= Kam Kee Yong =

Malaysian violinist

Kam Kee Yong (甘琦勇; born 28 February 1938) is a violinist, conductor, visual artist and educator. He founded the Singapura String Orchestra and the People's Association String Orchestra. He was awarded the Cultural Medallion in 1984 for his contributions to music in Singapore.

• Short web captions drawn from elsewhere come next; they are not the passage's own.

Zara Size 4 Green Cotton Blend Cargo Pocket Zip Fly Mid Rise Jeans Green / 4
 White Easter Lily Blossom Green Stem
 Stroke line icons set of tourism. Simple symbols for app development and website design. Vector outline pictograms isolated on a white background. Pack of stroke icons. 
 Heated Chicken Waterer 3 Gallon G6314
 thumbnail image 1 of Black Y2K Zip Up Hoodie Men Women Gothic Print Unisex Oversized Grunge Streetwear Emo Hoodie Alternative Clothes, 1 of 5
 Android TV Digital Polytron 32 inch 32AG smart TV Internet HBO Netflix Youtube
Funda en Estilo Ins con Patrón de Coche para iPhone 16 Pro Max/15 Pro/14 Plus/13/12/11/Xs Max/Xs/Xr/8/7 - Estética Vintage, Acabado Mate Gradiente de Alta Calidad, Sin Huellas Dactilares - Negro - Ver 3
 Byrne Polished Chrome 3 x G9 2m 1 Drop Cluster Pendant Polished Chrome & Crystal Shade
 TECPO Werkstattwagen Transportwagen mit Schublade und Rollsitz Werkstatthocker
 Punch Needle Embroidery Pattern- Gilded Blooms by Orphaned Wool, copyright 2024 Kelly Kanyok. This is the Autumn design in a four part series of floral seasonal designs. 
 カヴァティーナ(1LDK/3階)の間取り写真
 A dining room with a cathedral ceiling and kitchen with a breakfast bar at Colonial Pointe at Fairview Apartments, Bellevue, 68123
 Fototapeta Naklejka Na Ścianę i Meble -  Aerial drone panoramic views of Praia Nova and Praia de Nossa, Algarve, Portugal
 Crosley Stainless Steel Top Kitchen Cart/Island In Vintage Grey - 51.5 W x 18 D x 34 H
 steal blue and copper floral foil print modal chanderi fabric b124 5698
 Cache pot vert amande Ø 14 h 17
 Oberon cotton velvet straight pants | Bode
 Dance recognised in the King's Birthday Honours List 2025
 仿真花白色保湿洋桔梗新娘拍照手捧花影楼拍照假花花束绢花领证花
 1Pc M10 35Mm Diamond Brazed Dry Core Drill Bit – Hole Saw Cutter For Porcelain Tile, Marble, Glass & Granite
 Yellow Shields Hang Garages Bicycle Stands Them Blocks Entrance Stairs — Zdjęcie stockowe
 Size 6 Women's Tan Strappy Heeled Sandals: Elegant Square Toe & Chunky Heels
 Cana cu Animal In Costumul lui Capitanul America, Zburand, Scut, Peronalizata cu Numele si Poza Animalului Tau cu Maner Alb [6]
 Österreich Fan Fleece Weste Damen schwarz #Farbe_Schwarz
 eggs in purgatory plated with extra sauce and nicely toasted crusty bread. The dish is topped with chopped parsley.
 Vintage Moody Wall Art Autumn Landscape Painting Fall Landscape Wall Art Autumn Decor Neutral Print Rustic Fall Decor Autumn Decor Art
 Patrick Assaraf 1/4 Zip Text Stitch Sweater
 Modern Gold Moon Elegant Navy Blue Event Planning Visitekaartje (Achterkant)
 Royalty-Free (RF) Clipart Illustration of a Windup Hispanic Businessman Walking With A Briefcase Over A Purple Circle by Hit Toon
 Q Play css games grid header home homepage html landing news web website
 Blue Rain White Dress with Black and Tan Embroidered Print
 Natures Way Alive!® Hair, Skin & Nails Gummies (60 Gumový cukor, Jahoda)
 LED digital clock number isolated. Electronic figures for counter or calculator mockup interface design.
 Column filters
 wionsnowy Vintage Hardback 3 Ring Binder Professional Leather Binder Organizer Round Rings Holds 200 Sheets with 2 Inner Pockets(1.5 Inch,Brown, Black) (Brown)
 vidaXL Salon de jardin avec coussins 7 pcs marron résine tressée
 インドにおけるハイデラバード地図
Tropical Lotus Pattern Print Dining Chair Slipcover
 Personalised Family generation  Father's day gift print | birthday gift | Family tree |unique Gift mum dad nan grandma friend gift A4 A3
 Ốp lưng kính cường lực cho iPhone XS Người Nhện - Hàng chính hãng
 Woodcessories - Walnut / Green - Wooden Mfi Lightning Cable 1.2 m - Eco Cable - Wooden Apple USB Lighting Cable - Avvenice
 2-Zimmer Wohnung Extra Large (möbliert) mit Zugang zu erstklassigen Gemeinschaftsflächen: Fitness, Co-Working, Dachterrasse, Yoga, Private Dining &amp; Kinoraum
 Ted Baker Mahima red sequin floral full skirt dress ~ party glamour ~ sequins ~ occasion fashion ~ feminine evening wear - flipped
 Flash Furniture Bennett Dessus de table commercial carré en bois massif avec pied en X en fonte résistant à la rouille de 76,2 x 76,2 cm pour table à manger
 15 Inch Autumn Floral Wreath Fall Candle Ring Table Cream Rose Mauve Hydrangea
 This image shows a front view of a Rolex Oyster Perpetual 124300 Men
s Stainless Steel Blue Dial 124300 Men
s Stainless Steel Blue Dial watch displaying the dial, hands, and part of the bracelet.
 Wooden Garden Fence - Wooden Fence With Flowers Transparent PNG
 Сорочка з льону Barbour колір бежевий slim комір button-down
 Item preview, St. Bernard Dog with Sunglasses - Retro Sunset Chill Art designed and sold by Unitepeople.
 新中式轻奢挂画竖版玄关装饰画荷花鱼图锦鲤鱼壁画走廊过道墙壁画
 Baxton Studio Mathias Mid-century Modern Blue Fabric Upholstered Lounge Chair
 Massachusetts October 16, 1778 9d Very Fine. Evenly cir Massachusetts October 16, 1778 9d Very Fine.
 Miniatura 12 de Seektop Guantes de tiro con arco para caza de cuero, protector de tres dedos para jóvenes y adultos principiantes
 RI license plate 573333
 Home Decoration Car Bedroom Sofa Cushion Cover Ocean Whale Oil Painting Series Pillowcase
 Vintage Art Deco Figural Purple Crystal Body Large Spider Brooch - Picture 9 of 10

==Early life and education==
Kam was born the eldest of six children on 28 February 1938 in Penang, Malaysia. His father was schoolteacher and freelance jazz musician Kam Beng Soo. He attended the Li Tek School from 1946 to 1953. From 1954 to 1957, he studied at the Chung Ling High School. His father began teaching him the violin when he was ten years old. He then studied under Louis Lim until he was fifteen. He would play the violin and the drums in his father's jazz band. He came to Singapore in 1958 and began studying painting at the Nanyang Academy of Fine Arts the following year on a scholarship obtained from a friend. However, he only attended two lessons before he left the academy as he disliked the way he was being taught. He held a violin recital in Penang later that year to raise funds as he was seeking to study music overseas. Prominent rubber tycoon and philanthropist Tan Boon Peng attended the recital and helped Kam in raising money.

Kam began studying music at the Royal Academy of Music in London, England in 1960 on a scholarship from several prominent rubber philanthropists. His teachers at the academy included Frederick Grinke, Molly Mack, Watson Forbes and Alan Bush. In 1963, he composed String Quartet No. 2 in D minor, which premiered at the academy on 5 December. He won both the John E. West Composition Prize and the Gowland Harrison Award for the piece. He graduated from the academy with a Licentiate in Music. In the same year, he represented Malaysia at the Commonwealth Day performance held at the Commonwealth Institute. While in London, he continued to paint. He held several exhibitions and sold some of his paintings.

==Career==
After graduating from the academy, he returned to Penang, and then to Singapore. He participated in the Dimitris Mitropoulos Competition for Conducting in 1969 and 1971. In 1970, he founded the Singapura String Orchestra, which held its first performance in 1972 at the Singapore Conference Hall. The event also featured guitarist Alex Abisheganaden, cellist Anne Tan and pianist Ng Kok Cheow as guest artists, as well as solo performances from several younger musicians, including Lynnette Seah. The TOKK Ensemble commissioned him to revise Kuang Xiang Qu for solo violin with piano, harp and percussion in 1975. His revision was performed by the ensemble during their Asia concert tour. In a review of a 1976 performance of Kam's Huai Ku Chau Ben Tchit, Violet Oon of the New Nation wrote that his compositions are "like a breath of fresh air in the stale atmosphere of local music", and that he "tries to capture the essence of his Chinese heritage". In 1978, he toured Australia under the Cultural Award Scheme and performed at several universities and conservatories there. In the same year, he composed Suan Lin Tze, a tone poem named after the Siong Lim Temple in Toa Payoh. The piece was first performed by the Avon Youth Orchestra at the Victoria Theatre and Concert Hall on 28 July. In 1981, he established the People's Association Children's String Orchestra and began serving as its conductor. He founded and became the director of the Kam Kee Yong School of Music and Children's Art in the same year. He was commissioned by the Ministry of Culture to compose The Five Sentiments for ballet and orchestra in the following year. It premiered at the Singapore International Festival of Arts. During the festival, he conducted a music workshop where he performed his Sentiments for Orchestra. He was awarded the Cultural Medallion in 1984. In 1985, he recorded his Chinatown Suite and Marine Parade Suite with the Children's String Orchestra. The recordings were then released by WEA.

In 1989, Kam and his family moved to Toronto, Canada. In the following year, he founded the Avant Garde School of Children's Art and Music there. He taught at the school from 1990 to 2000. Throughout the 1990s, he held solo exhibitions for his art in both Toronto and Singapore. In 1992, Huai Gu, a sonata of his, was premiered by North/South Consonance in New York City. He became an associate member of the Canadian Music Centre in 1993. His daughter, violinist Kam Ning, performed Huai Gu in British Columbia and Ottawa in 1999. The next year, he published Colour and Sound, an art book. During an interview with The Business Times in the same year, he stated that his music and his art "complement each other" and that they "can't be separated". Kam Ning and pianist David Laughton recorded and released the album Cicada: The Complete Works for Violin and Piano by Kam Kee Yong in the following year. In November 2010, the Singapore Symphony Orchestra performed six of his works during a performance featuring Kam Ning as a guest soloist.

Kam has performed in England, Taiwan, South Korea and Hong Kong. His works have also been performed by the Seoul Philharmonic Orchestra and the Delos String Quartet.

==Personal life==
Kam is married to Jean Van. Violinist Kam Ning and drummer Kam Lei are his children.